From that experience abroad, they realized that the answer to the climate crisis was in their creative identity and culture as Filipinos. Years of research and grassroots community building with their youth organizations, TAYO House of Culture & Creativity and Kids for Kids, has helped them understand that Filipino culture has always been creative and collaborative. And, if world leaders are making decisions from so far away, then creativity will step in and act as a bridge for ideas that catalyze decisive change.

Proof of concept for their approach is the Kapuluan ng Kabataan movement, where they work in partnership with young designers and remote communities to build creative spaces and cultural sanctuaries across the archipelago. They hope to build a climate school on an island that is in the process of disappearing.

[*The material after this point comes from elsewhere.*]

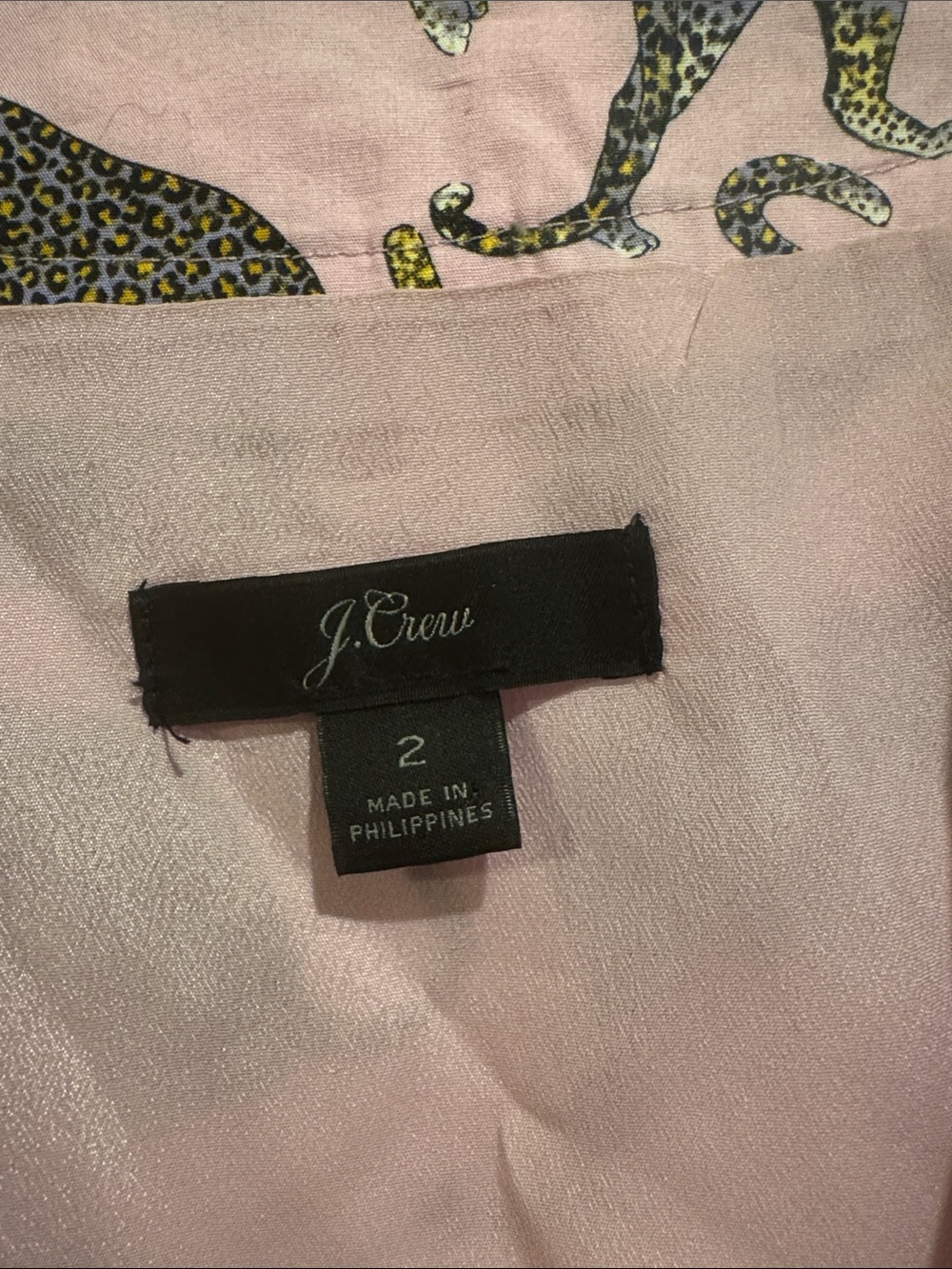 J. Crew Ratti Cheetah-print Wrap Dress - Picture 4 of 8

In Isla Halian, an hour of sailing away from General Luna, Siargao, the coastline has receded about five meters within the past five years. Aside from helping out with typhoon recovery and food security, the sisters’ organizations are doing what they can to keep the island’s biodiversity and culture alive. This includes nurturing the area’s turtle hatchlings, providing creative workshops for the local youth, and sharing the stories of the island community’s lively history.

“If you’re able to use imagination to make people understand the reality [of the climate crisis], then you can come up with actual solutions,” Tasha explains. A hurdle in their climate work has been to dismantle outdated notions on creativity. Having a mother who was an art educator has made it easy for the sisters to see the transformative value of creativity, but people may believe that their push to fuse art and imagination with these hard hitting issues is a failure to understand the gravity of the problems they’re tackling.

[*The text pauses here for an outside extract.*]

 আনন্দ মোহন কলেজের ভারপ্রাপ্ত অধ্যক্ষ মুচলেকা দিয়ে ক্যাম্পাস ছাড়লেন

But they believe that this creative thinking is what will get more people on board to achieve impactful change. Essential is the belief that creativity is not limited to visual art; it can also come in the form of ideas and creative solutions. Communication has to be factored in climate work. This is why an idea as simple as imagining a flooded Glasgow conference room, for example, can spark an urgent political discussion.

“When we inject art and creativity [with the climate advocacy], people often mistake that we’re not taking this seriously,” Tasha says. “But we don’t want the conversation on climate solutions to be an echo chamber,” says Bella. “We also want to educate people who want to know about what is happening but are too intimidated to enter the space or understand all the complicated jargon.”

They’ve seen success in this framework with their recent work for the Arts & Culture & Creative Industries Bloc of the Congress (ACCIB). Together with the coalition of legislators, they poured over government documents and hours-long congress meeting notes to lobby for the Philippine Creative Industries Development Act, which was successfully passed last year. Through heavy research and creative solutions, they turned white paper documents into a series of fun and colorful collaterals that educated Filipinos online about the bill and how creativity, art, music, and food intersects with the economy.

With that approach, what becomes the core of their climate work is an effort to remind the world that the climate crisis is a humanitarian crisis. They hope people will see that the gravity of these creative and indigenous solutions is just as dense as the problems they are addressing.

DONA LIM silk georgette shirt and skirt. Photographed by Artu Nepomuceno for the February 2024 Issue of Vogue Philippines

The tides seem to be shifting in this direction. Last November, Kids for Kids received a Philanthropic Excellence Award for Children, placing them among the ranks of longstanding companies such as Estée Lauder, the Jollibee Group Foundation, and National Bookstore. The sisters also deem the most recent COP in Dubai to be more successful as there was now a (small, but hopefully growing) platform for indigenous people to speak on their climate concerns.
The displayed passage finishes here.